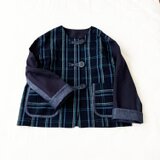 ヴィンテージ インディゴ キモノ ＆ ダブルオックス・ノーカラージャケット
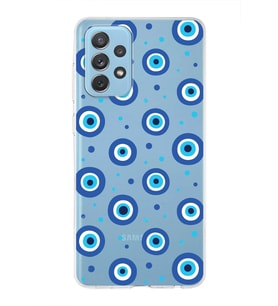 PrintiFy Samsung Galaxy A72 ile Uyumlu 1mm Slim Fit Nazar Boncuğu 1 Baskılı Şeffaf  Kılıf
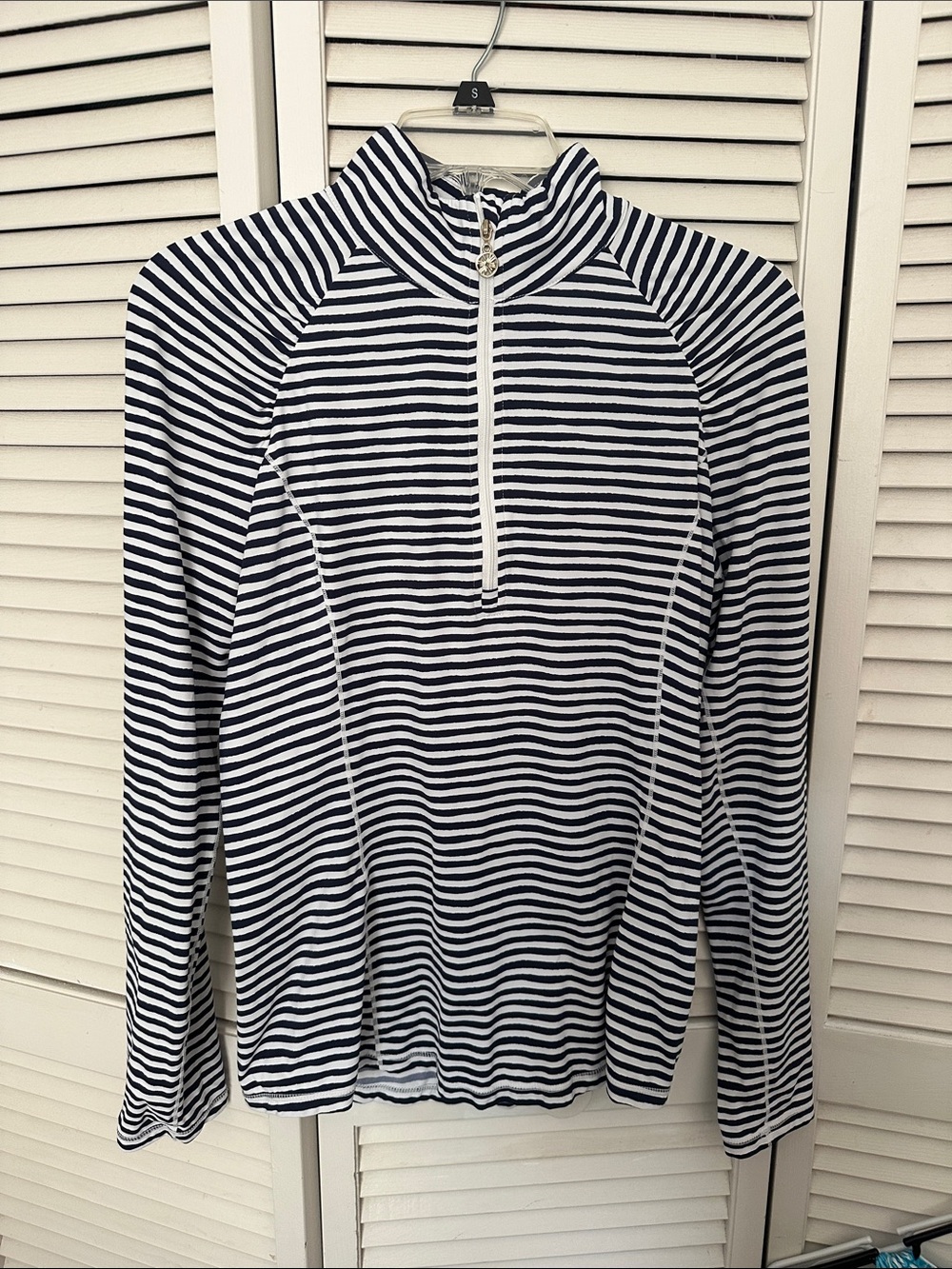 Lilly Pulitzer Navy and White Striped Long Sleeve Half-Zip Tee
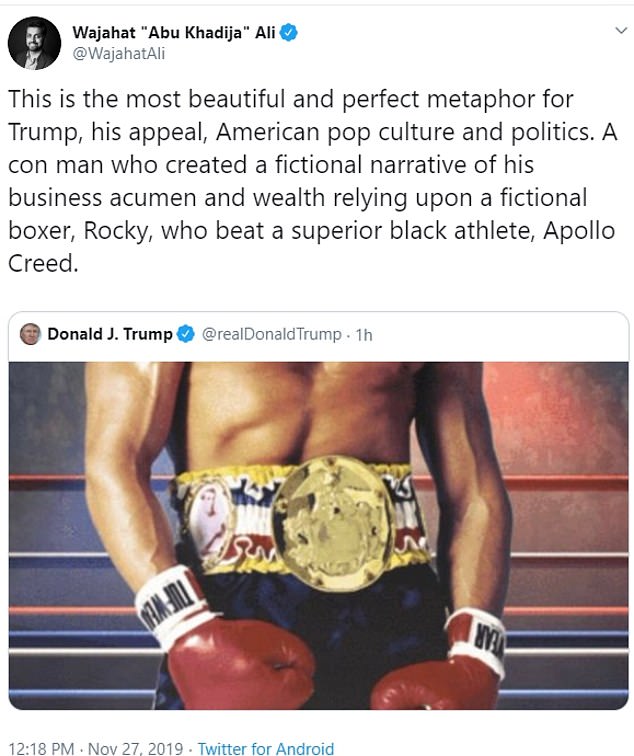 trump rocky balboa - Wajahat "Abu Khadija" Ali This is the most beautiful and perfect metaphor for Trump, his appeal, American pop culture and politics. A con man who created a fictional narrative of his business acumen and wealth relying upon a fictional
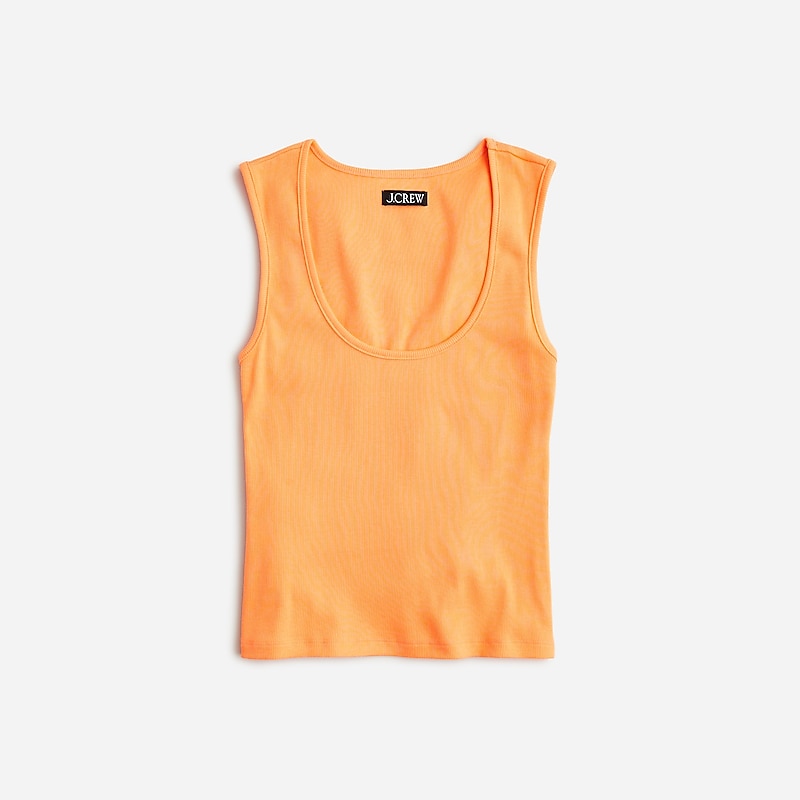 Women\'s J.Crew Cropped fine rib scoopneck Tank Tops Warm Clementine USA YOAMPRZ52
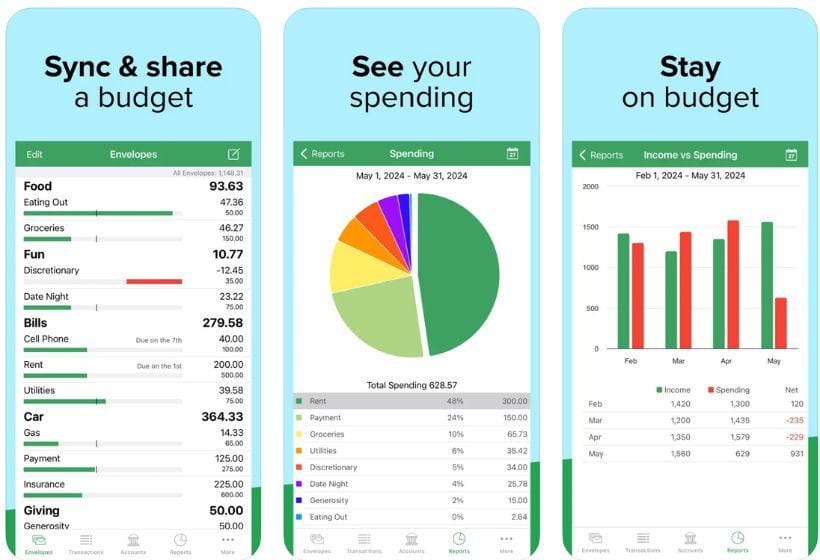 Goodbudget app screenshots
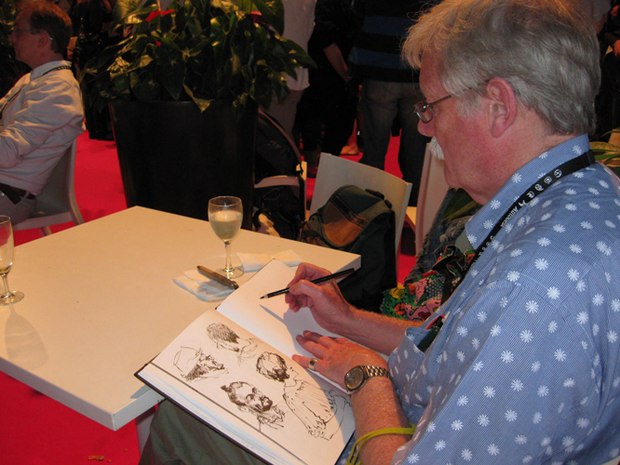 Peter sketching at Annecy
------------------------------------
**TASK DESCRIPTION**
Because the copy must hold no pictures, return only the lines that run from the line containing "PrintiFy Samsung Galaxy" to the end of the data above, each exactly as it stands.

**YOUR SOLUTION**
 PrintiFy Samsung Galaxy A72 ile Uyumlu 1mm Slim Fit Nazar Boncuğu 1 Baskılı Şeffaf  Kılıf
 Lilly Pulitzer Navy and White Striped Long Sleeve Half-Zip Tee
 trump rocky balboa - Wajahat "Abu Khadija" Ali This is the most beautiful and perfect metaphor for Trump, his appeal, American pop culture and politics. A con man who created a fictional narrative of his business acumen and wealth relying upon a fictional
 Women\'s J.Crew Cropped fine rib scoopneck Tank Tops Warm Clementine USA YOAMPRZ52
 Goodbudget app screenshots
 Peter sketching at Annecy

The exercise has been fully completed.